Don’t ignore solvency issues
Other than ALM-linked liquidity issues, some NBFCs have also been facing solvency and regulatory issues. The solvency issue is more prominent with NBFCs associated with real estate or infrastructure projects because these sectors are still under duress. The Finance Minister has tried to revive the real estate sentiment by announcing an additional Rs 1.5-lakh interest deduction on housing loans taken for buying affordable housing—where the house price is below Rs 45 lakh.

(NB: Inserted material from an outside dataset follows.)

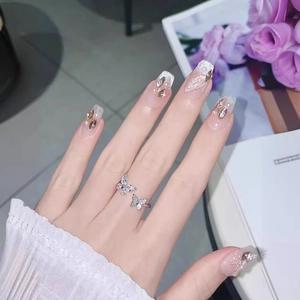 Handmade ice nude press-on nails with French tips, silver glitter and butterfly ring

However, this may not be enough because this Rs 45-lakh limit is too small and houses in this price will be available only in tier-3 cities, or far-flung suburbs of the big cities.

Don’t jump in
The NBFC segment is now seeing extreme polarisation and fundamentally strong companies such as HDFC and Bajaj Finance are already trading at rich valuations. If we assume that the NBFCs books now are clean, DHFL seems like a must-buy because it is now trading at a PE of just 1.63 and PB of 0.28. But as mentioned earlier, investors should wait for the real non-performing assets (NPA) to be revealed before jumping to buy these stocks. Just like the NPA situation in PSU banks and corporatefacing private sector banks, it may take a few years to clean the system (after these NAPs come out in the open). So, it is best to wait and watch.